Sua
casa. Sempre pudesse ser. Mas lá, a Samarra, não era dele. Manuelzão trabalhava
para Federico Freyre — administrador, quase sócio, meio capataz de vaqueiros,
certo um empregado. Porém Federico Freyre em bem uma vez por ano se lembrava de
aparecer, e Manuelzão valia como único dono visível, ali o respeitavam.Às
horas, quando na boa mira dum sonho consentido, ele chegava mesmo a se
sobre-ser, imaginando quase assim já fosse homem em poder e rico, com suas
apanhadas posses. Um dia, havia-de. Sempre puxara por isso, a duras mãos e com
tenção teimosa, sem um esmorecimento, uma preguiça, só lutando. Ele nascera na
mais miserável pobrezazinha, desde menino pelejara para dela sair, para pôr a
cabeça fora d’água, fora dessa pobreza de doer. Agora, com perto de sessenta
anos, alcançara aquele patamar meio confortado, espécie de começo de metade de
terminar. Dali, ia mais em riba. Tinha certeza. E na Samarra todos enchiam a
boca com seu nome: de Manuelzão. Sabiam dele. Sabiam da senhora sua Mãe, dona
Quilina, falecida. Sua mãe, que, meses antes, velhinha viera para aquele ermo,
visitando-o. Pudera ir buscá-la, enfim era a primeira ocasião em ue se via
sediado em algum lugar, fazendo de meio-dono. E ela pensara até que ele fosse
dono todo. A mãe apreciara aquilo, o Baixio da Samarra, a Vereda da Samarra, o
território. No tempo de adoecer, ela mencionara a mesa-de-campo, como o ponto
ideado para se erigir uma capelinha, a sobre.

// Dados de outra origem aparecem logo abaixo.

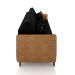 Sofá Living Montecarlo 3 Lugares Bipartido 232cm Pés em Madeira Veludo/PU Preto/Caramelo G33 - Gran Belo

Ela estava a se pensar? Lá mesmo Manuelzão a enterrou, confechando quase
à borda da chã um cemiteriozinho razoável, cercado de aroeiras, moirões que
podiam durar sem acaba, e coberto pelo capim duro do cerrado, no qual, no raiar
das madrugadas, o orvalho é azul e mata a sede. Ao lado, ergueu a capelinha.

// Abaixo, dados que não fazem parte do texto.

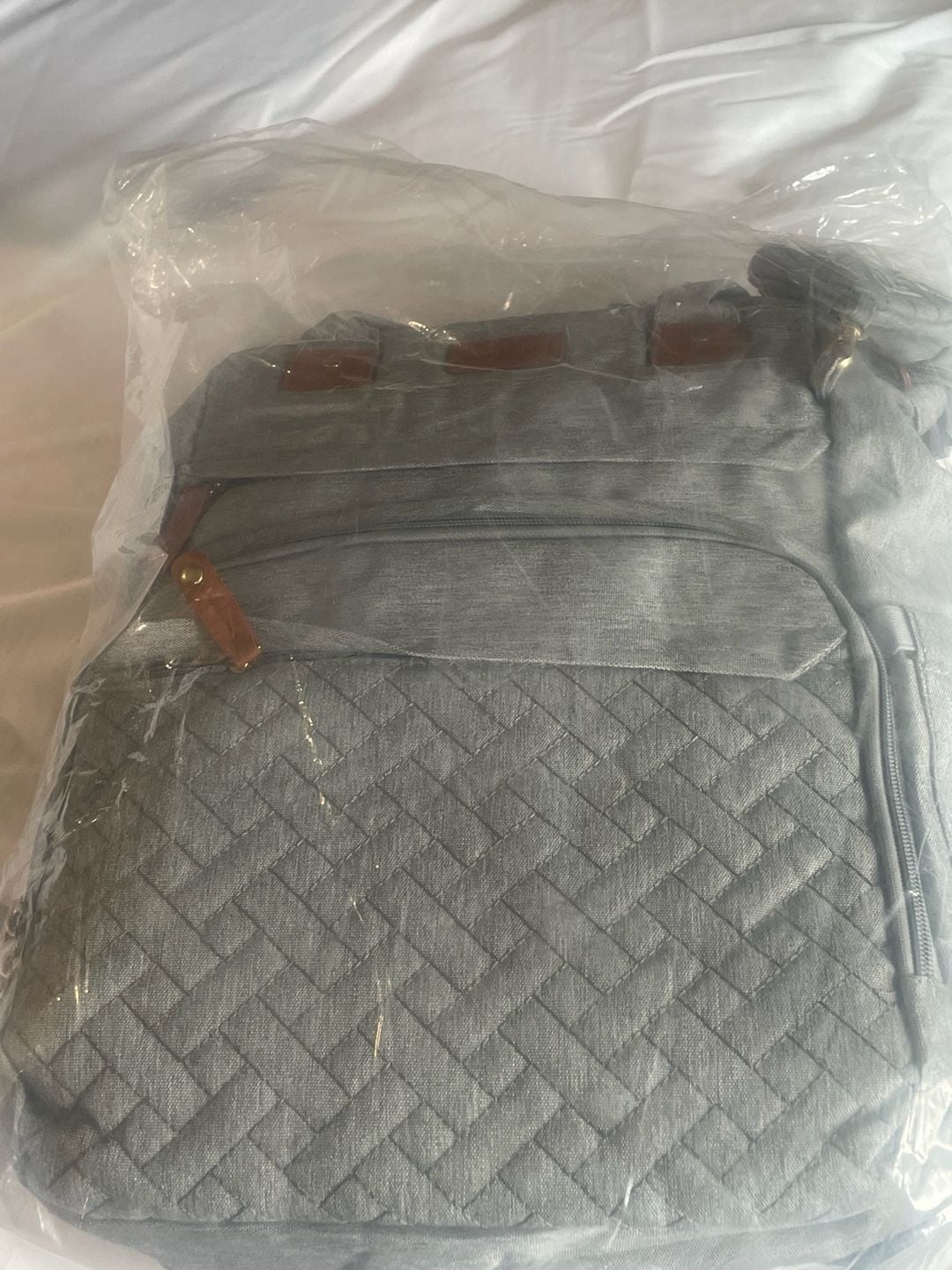Good Mum Diaper Backpack Gray Quilted Travel Bag 13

Enquanto pôde uma folga, na lida. O principal da idéia da capelinha então tinha
sido de sua mãe. Mas ele cumprira. E ele inventara a festa, depois.
João
Guimarães Rosa
Uma
Estória de Amor
(Festa
de Manuelzão)
em
Corpo de Baile
(sete
novelas) – 1º vol.
José
Olympio. Rio de Janeiro.
1ª
edição. 1956.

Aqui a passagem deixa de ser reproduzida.